### PROBLEM TO SOLVE
Leave out the pictures and copy everything else in the entries exactly.
####
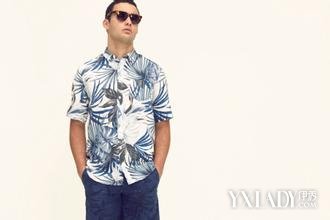 【图】<em>发型师</em>的服装搭配技巧 时尚<em>穿着</em>搭配技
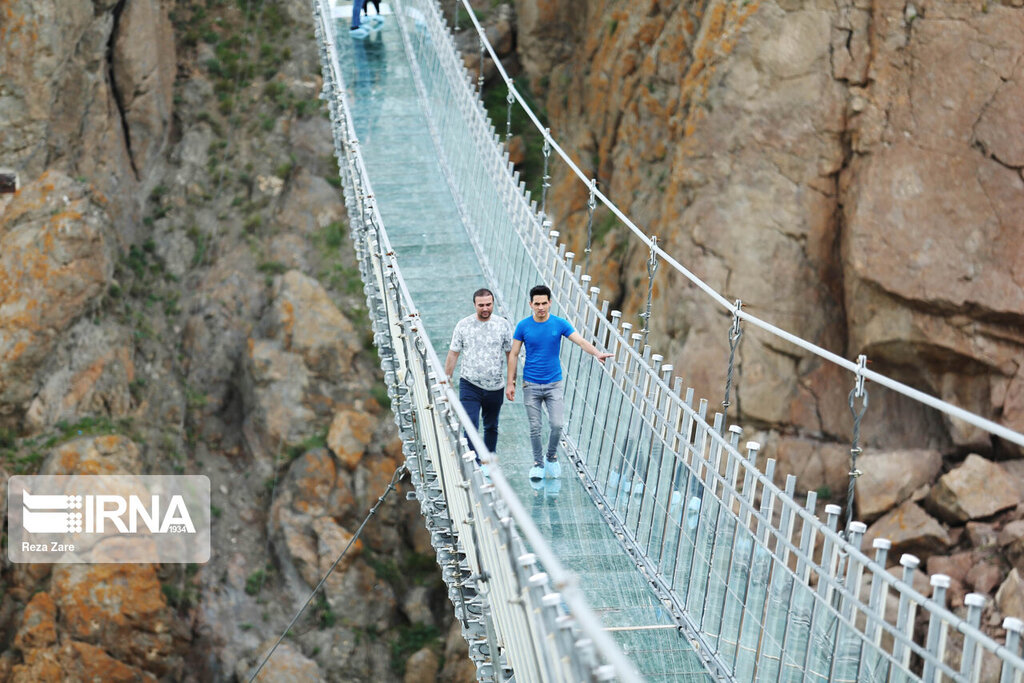 رفتن روی این پل دل شیر می‌خواهد | پل معلق تمام شیشه‌ای شهر هیر در اردبیل را ببینید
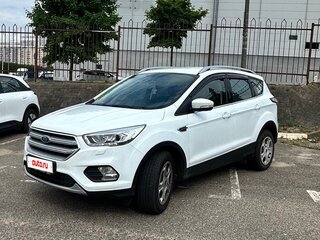 2019 Ford Kuga II Рестайлинг, белый, 1350000 рублей, вид 2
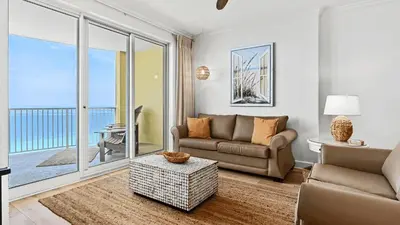 Gallery image of Coastal Hippy Chic by AvantStay Oceanfront 2 Pools Beach Chairs Incl. in Panama City Beach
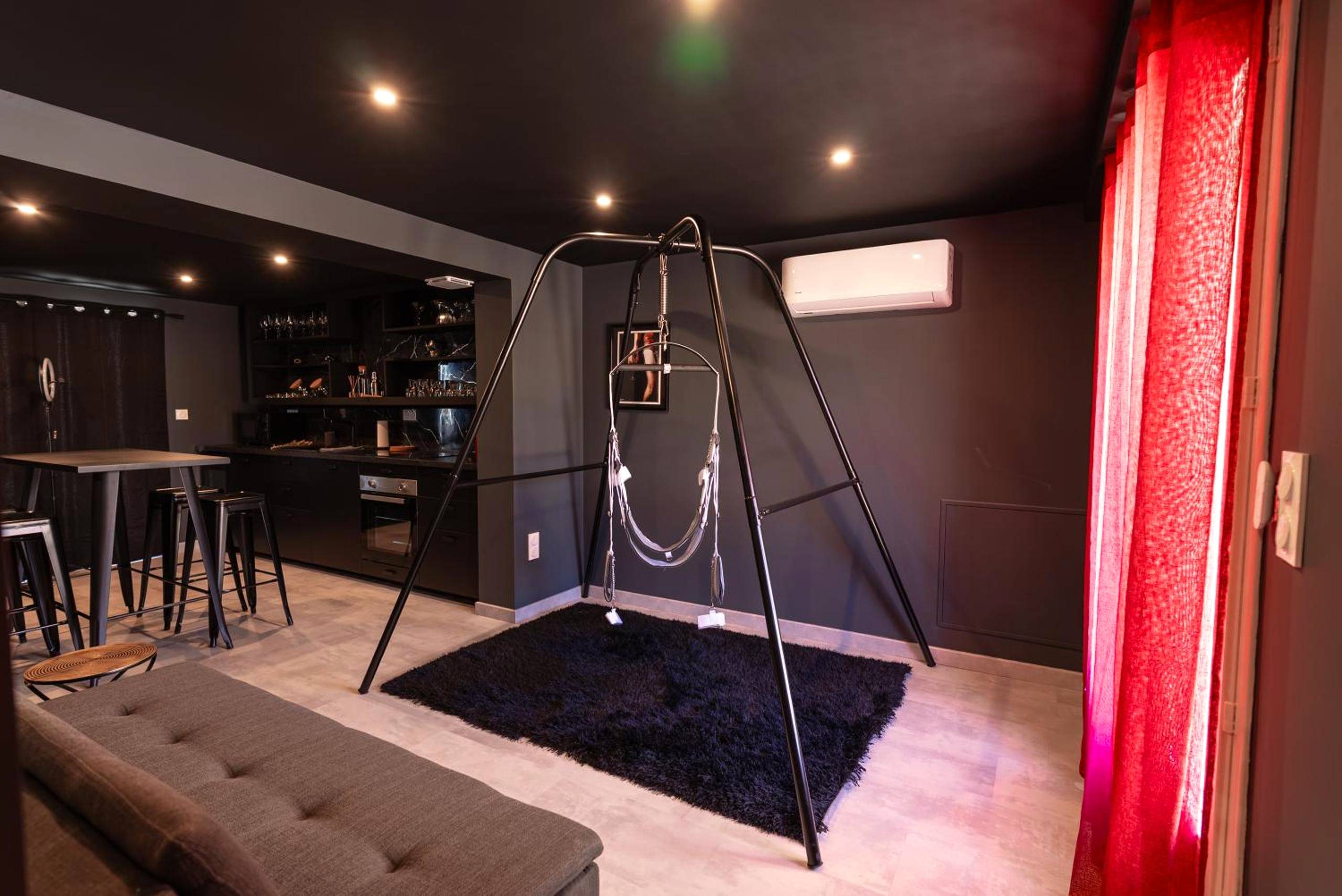 Photo du logement - L'Interdit, Confort et Sensualité - Coulommiers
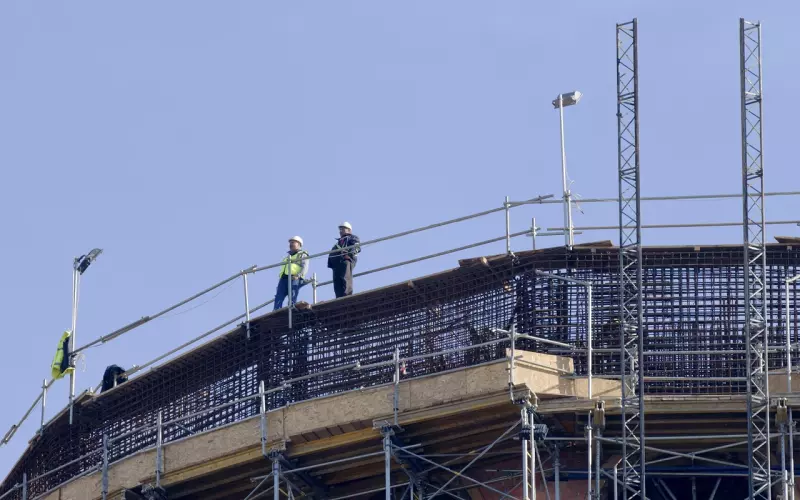 男友背着我继续上相亲网站，该不该分手？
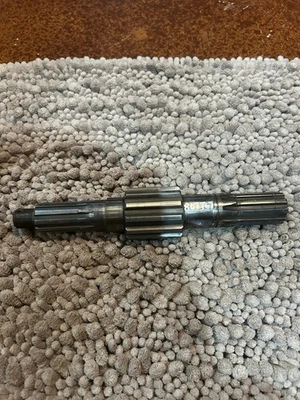 Jeep Willys Spicer Dana 18 Rear Output Shaft 807767 with cotter key hole - Image 1 of 4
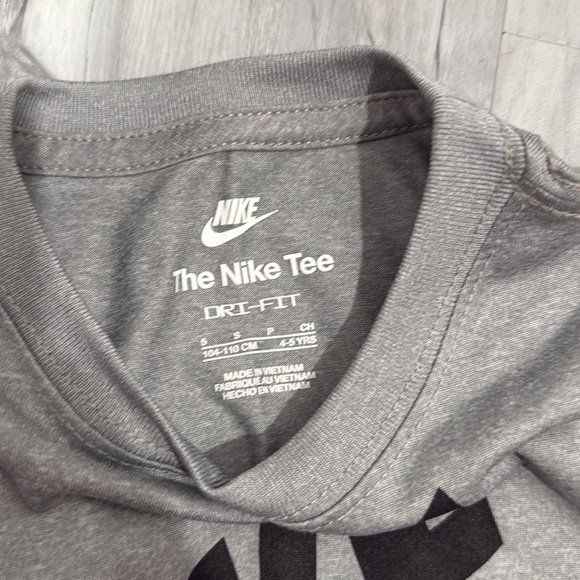 Nike Set of 2 - Picture 3 of 3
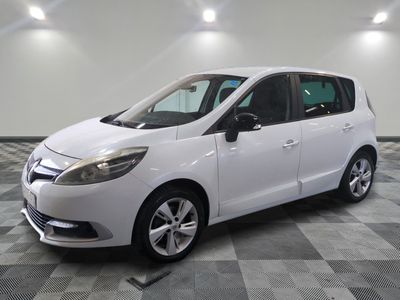 la photo d'une voiture blanche garée dans un garage
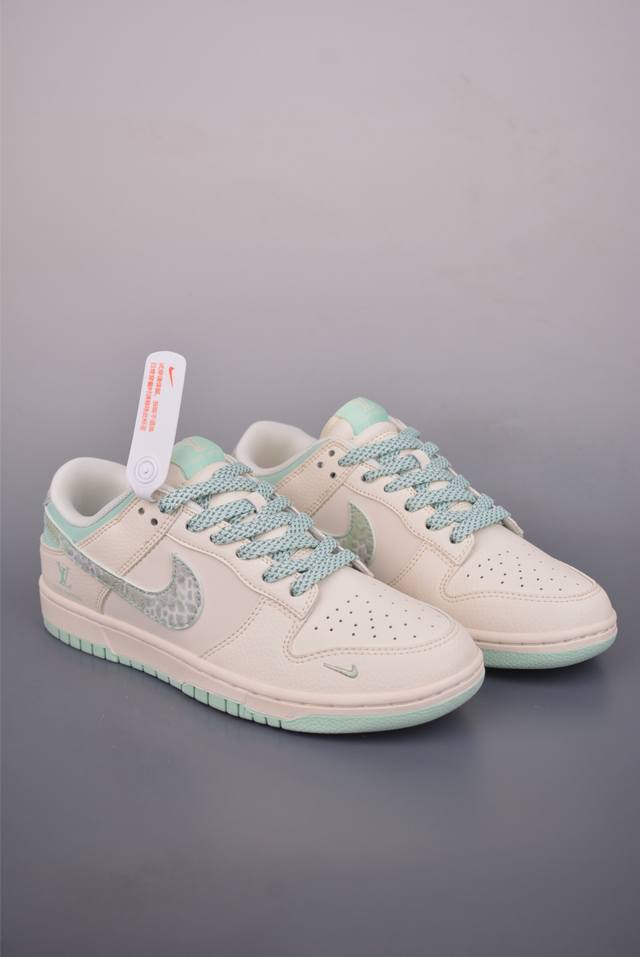 Nike Sb Dunk Low Lv联名 纯原大厂出品 极力推荐 原装头层材料 独家版型蒸餾加工 帶來的是更好的视觉和脚感体验 大厂纯原品质出货 清洁度 电绣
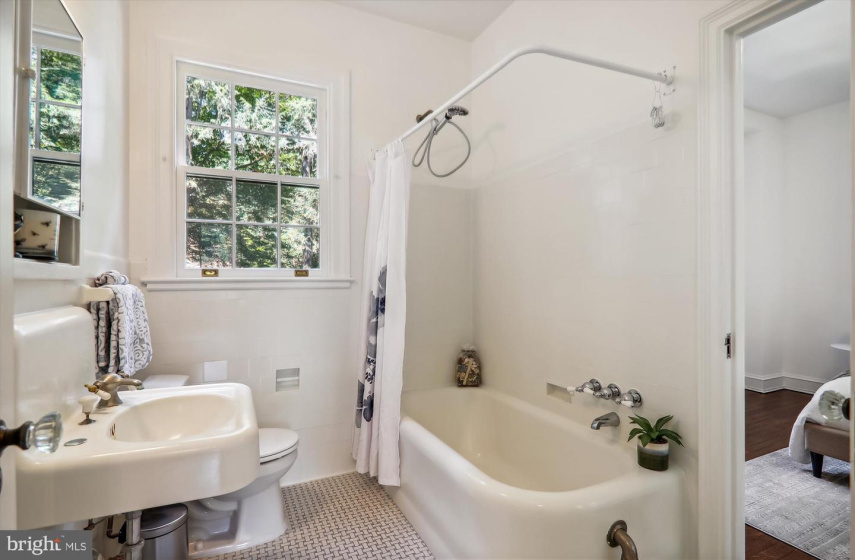 3041 SEDGWICK STREET, WASHINGTON, DC 20008, 2 Bedrooms Bedrooms, ,1 BathroomBathrooms,Residential,For Sale,DCDC2145306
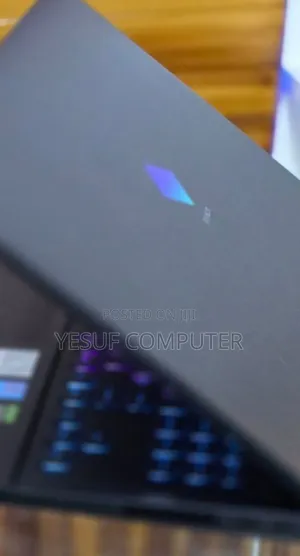 New Laptop HP Omen 17 16GB Intel Core I7 SSD 1T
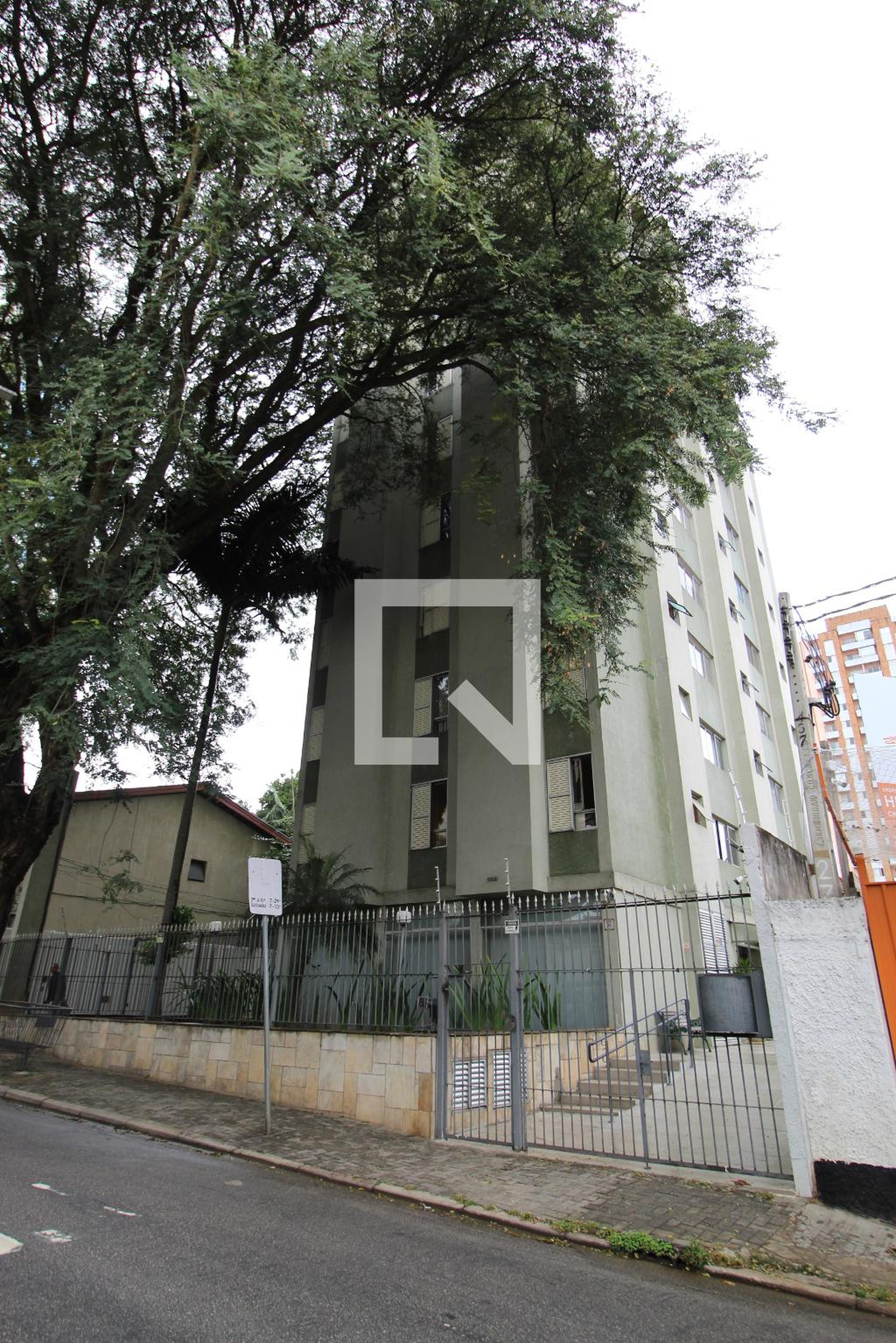 Fachada do Prédio Condomínio Irati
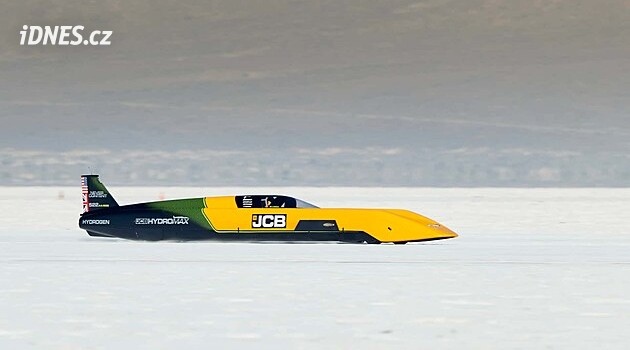 Vodíkový JCB Hydromax stanovil světový rychlostní rekord. S motory z bagrů jel rychlostí 653,91 km/h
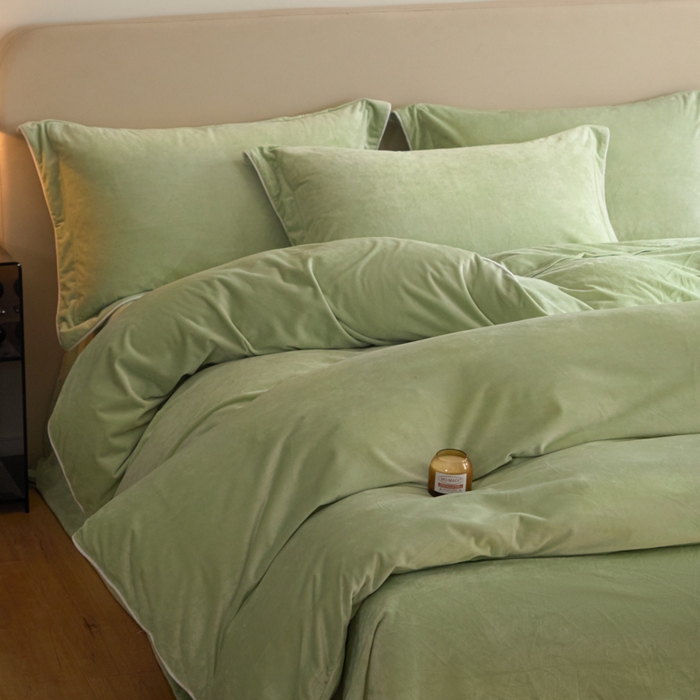 91家纺网 家纺一手货源 找家纺 ONE TWO ONE 121 【婴儿绒四件套】2025新款毛毯被子四件套单件床单被套床笠珊瑚绒牛奶绒冬被法兰绒兔毛绒滚绳款 纯色款-芽绿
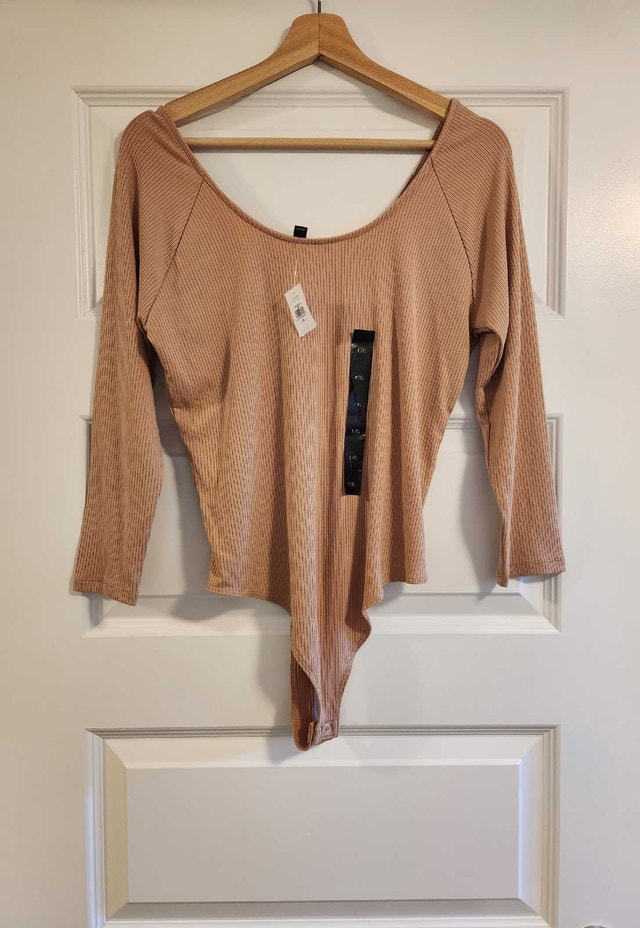 NEW Banana Republic Bodysuit - Size Large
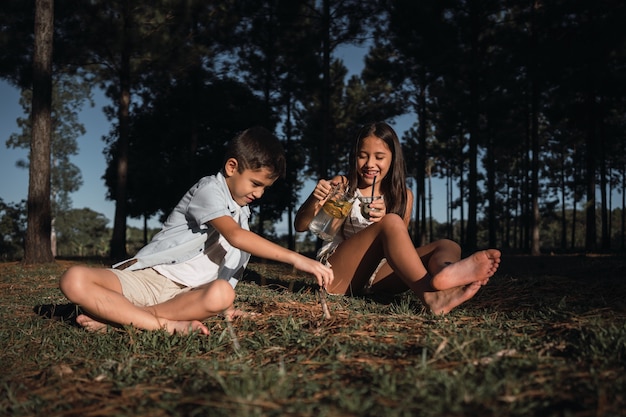 Foto retrato de niños descalzos disfrutando de un día en el campo.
####
### RESPONSE BELOW
 【图】<em>发型师</em>的服装搭配技巧 时尚<em>穿着</em>搭配技
 رفتن روی این پل دل شیر می‌خواهد | پل معلق تمام شیشه‌ای شهر هیر در اردبیل را ببینید
 2019 Ford Kuga II Рестайлинг, белый, 1350000 рублей, вид 2
 Gallery image of Coastal Hippy Chic by AvantStay Oceanfront 2 Pools Beach Chairs Incl. in Panama City Beach
 Photo du logement - L'Interdit, Confort et Sensualité - Coulommiers
 男友背着我继续上相亲网站，该不该分手？
 Jeep Willys Spicer Dana 18 Rear Output Shaft 807767 with cotter key hole - Image 1 of 4
 Nike Set of 2 - Picture 3 of 3
 la photo d'une voiture blanche garée dans un garage
 Nike Sb Dunk Low Lv联名 纯原大厂出品 极力推荐 原装头层材料 独家版型蒸餾加工 帶來的是更好的视觉和脚感体验 大厂纯原品质出货 清洁度 电绣
 3041 SEDGWICK STREET, WASHINGTON, DC 20008, 2 Bedrooms Bedrooms, ,1 BathroomBathrooms,Residential,For Sale,DCDC2145306
 New Laptop HP Omen 17 16GB Intel Core I7 SSD 1T
 Fachada do Prédio Condomínio Irati
 Vodíkový JCB Hydromax stanovil světový rychlostní rekord. S motory z bagrů jel rychlostí 653,91 km/h
 91家纺网 家纺一手货源 找家纺 ONE TWO ONE 121 【婴儿绒四件套】2025新款毛毯被子四件套单件床单被套床笠珊瑚绒牛奶绒冬被法兰绒兔毛绒滚绳款 纯色款-芽绿
 NEW Banana Republic Bodysuit - Size Large
 Foto retrato de niños descalzos disfrutando de un día en el campo.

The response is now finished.